Some analysts predict a drop of $5 to $10 per barrel. This is based on the assumption that Russian oil exports would increase significantly. More supply generally leads to lower prices.
However, the terms of any peace deal matter. What if the agreement includes production cuts to stabilize the market? That could limit the impact of any price drops. A peace deal doesn’t automatically guarantee lower prices.
Hedge Funds Are Cutting Their Bets on Oil
Not everyone is betting on a price spike. Hedge funds have been slashing long positions in oil.

🔹 WTI Crude Oil long-only positions dropped to 172,576 contracts (March 4), near the lowest since 2010.

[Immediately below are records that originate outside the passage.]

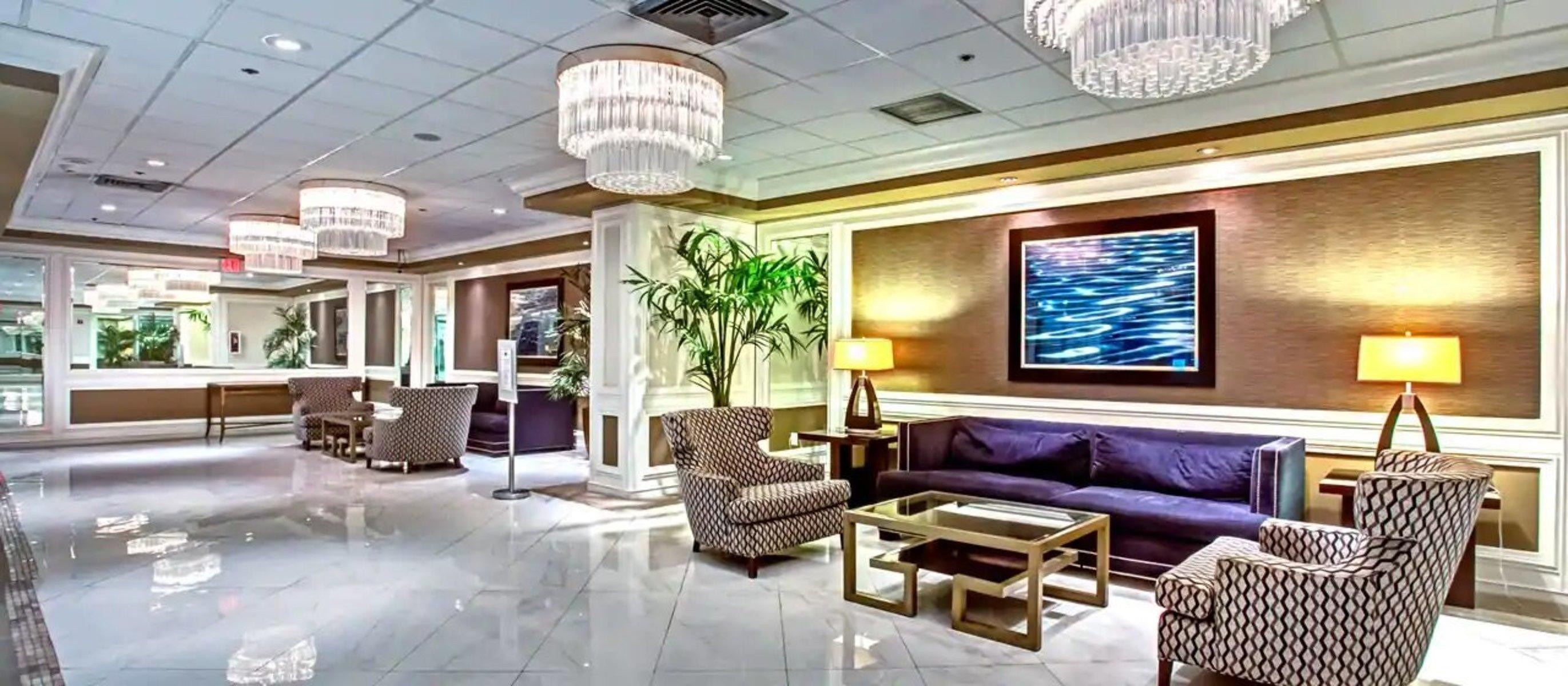 DoubleTree by Hilton Grand Hotel Biscayne Bay 10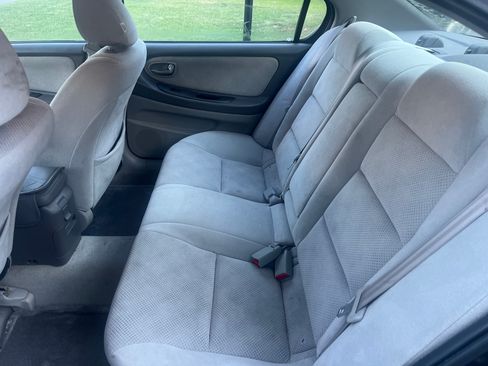 Used 2002 Nissan Maxima SE FWD image 9
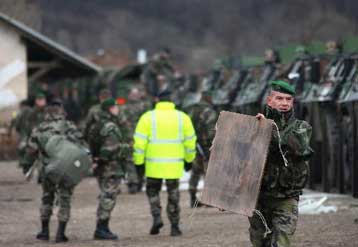 Στην Ομάδα Επαφής την Παρασκευή η πρόταση Αχτισάαρι για το Κοσσυφοπέδιο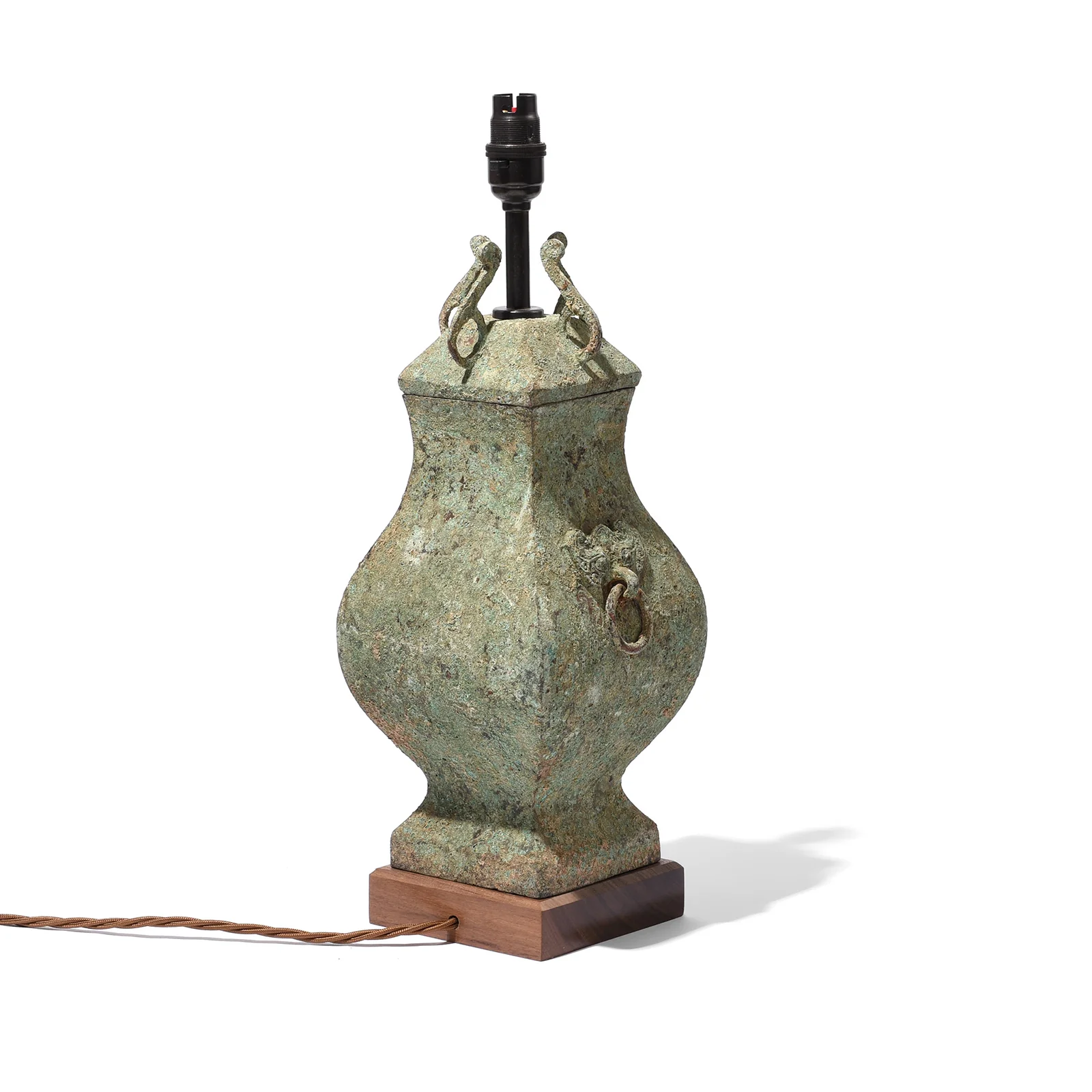 Tang Dynasty Style Bronze Vessel Lamp - Image 4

🔹 In just a few weeks, long positions fell by nearly 100,000, a huge move.
🔹 Since mid-January, oil prices have dropped 17%, falling to $67 per barrel, near the lowest since September 2024.
🔹 This marks seven straight weeks of declines, a streak last seen in late 2023.

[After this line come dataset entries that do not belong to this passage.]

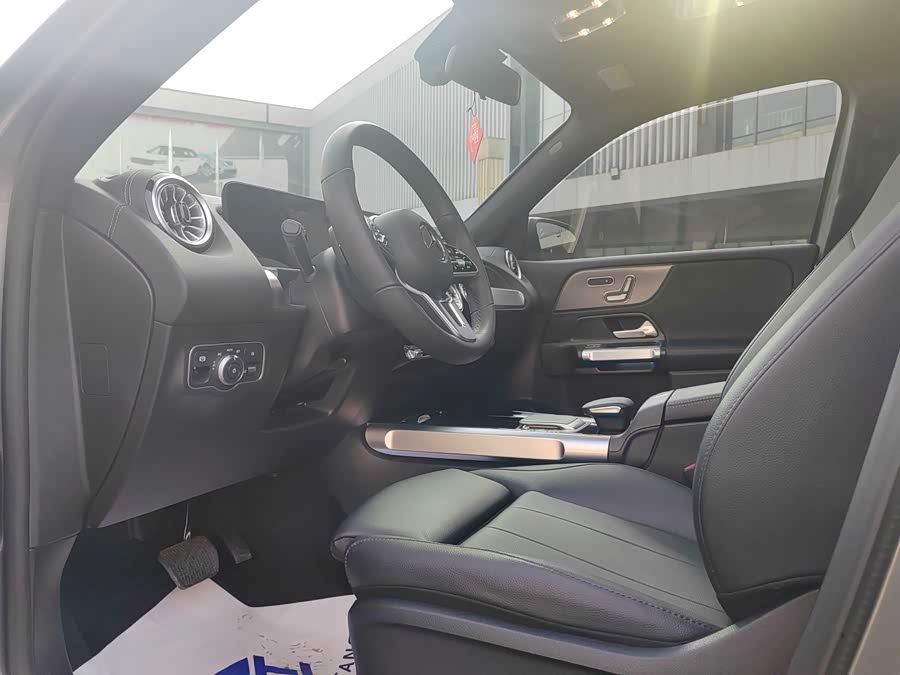 Mercedes-Benz GLB 220 Fashion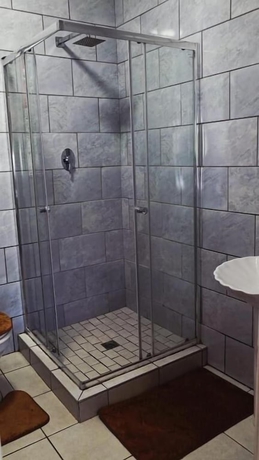 Imagen de la habitación del Hotel DreamWest Living Guesthouse. Foto 16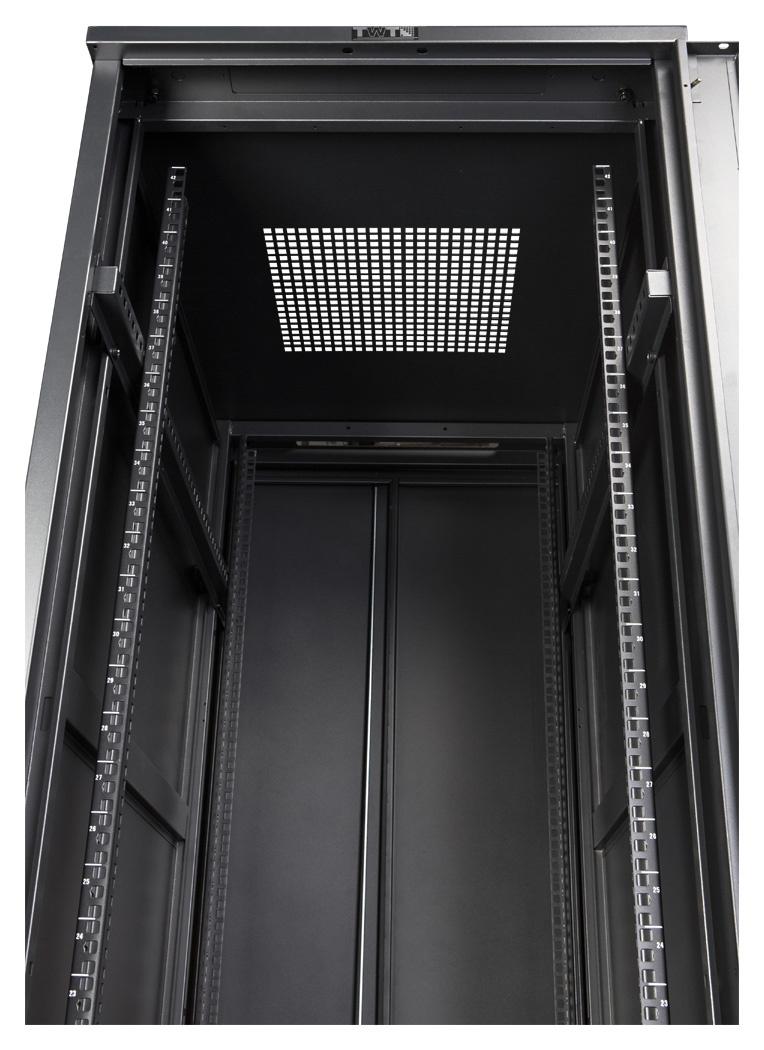 Шкаф коммутационный Lanmaster (TWT-CBB-27U-6X8-P1) напольный 27U 600x800мм пер.дв.перфор. задн.дв.перфор.2-хст. 2 бок.пан. 800кг черный IP20 сталь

The short oil trade is getting crowded. That could mean a short squeeze might be on its way.
Why Russia-Ukraine Peace Deal Might Not Crash Oil
While bearish bets are piling up, oil isn’t guaranteed to collapse. Here’s why:
🔹 Demand is still strong: Global energy consumption remains high. Any supply drop could still tighten markets.
🔹 OPEC+ could step in: If oil prices fall too much, the cartel could cut production to support prices.

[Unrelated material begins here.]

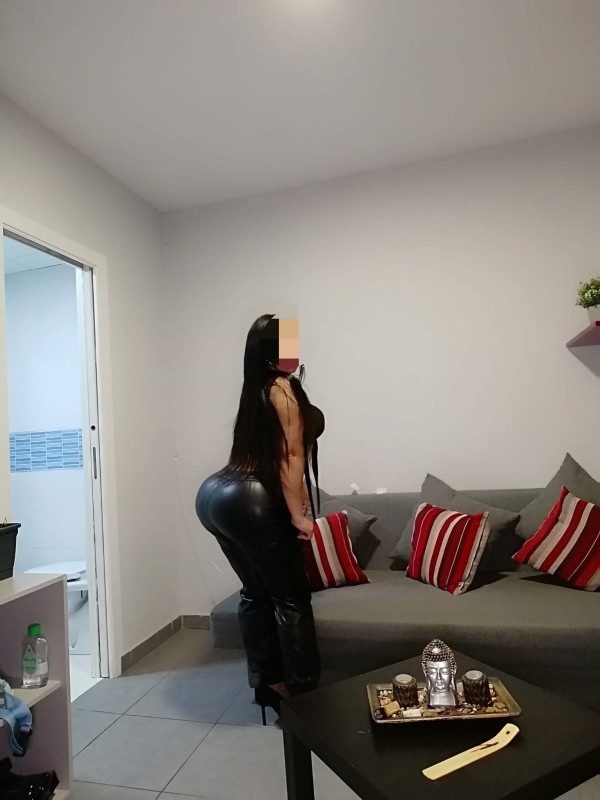 Colombiana me desplazo por todo Madrid hoteles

🔹 Geopolitical risks remain: Even if the Russia-Ukraine war ends, tensions in the Middle East and other regions could keep oil volatile.
🔹 U.S. SPR restocking: The U.S. Strategic Petroleum Reserve (SPR) needs replenishing after record releases in 2022-2023. If prices drop too low, the U.S. could start buying, creating a floor for oil.
Technical Outlook: Oil at a Key Support Zone
Oil is currently trading in a descending triangle pattern on the weekly chart. This bearish formation signals potential downside risk.

🔹 Key support level is around $65 per barrel, which has been tested multiple times. A breakdown below this zone could accelerate selling pressure.
🔹 Bearish scenario: A confirmed break below the triangle’s support opens the door for a test of $60 per barrel and possibly lower.
🔹 Bullish invalidation: For bulls to regain control, oil needs to break above $77-$78, the upper boundary of the triangle. A breakout above this range could shift momentum back to the upside.
What’s Next for Oil?
For now, oil remains in a tight range, with traders waiting for confirmation. A decisive move in either direction could dictate the next big trend.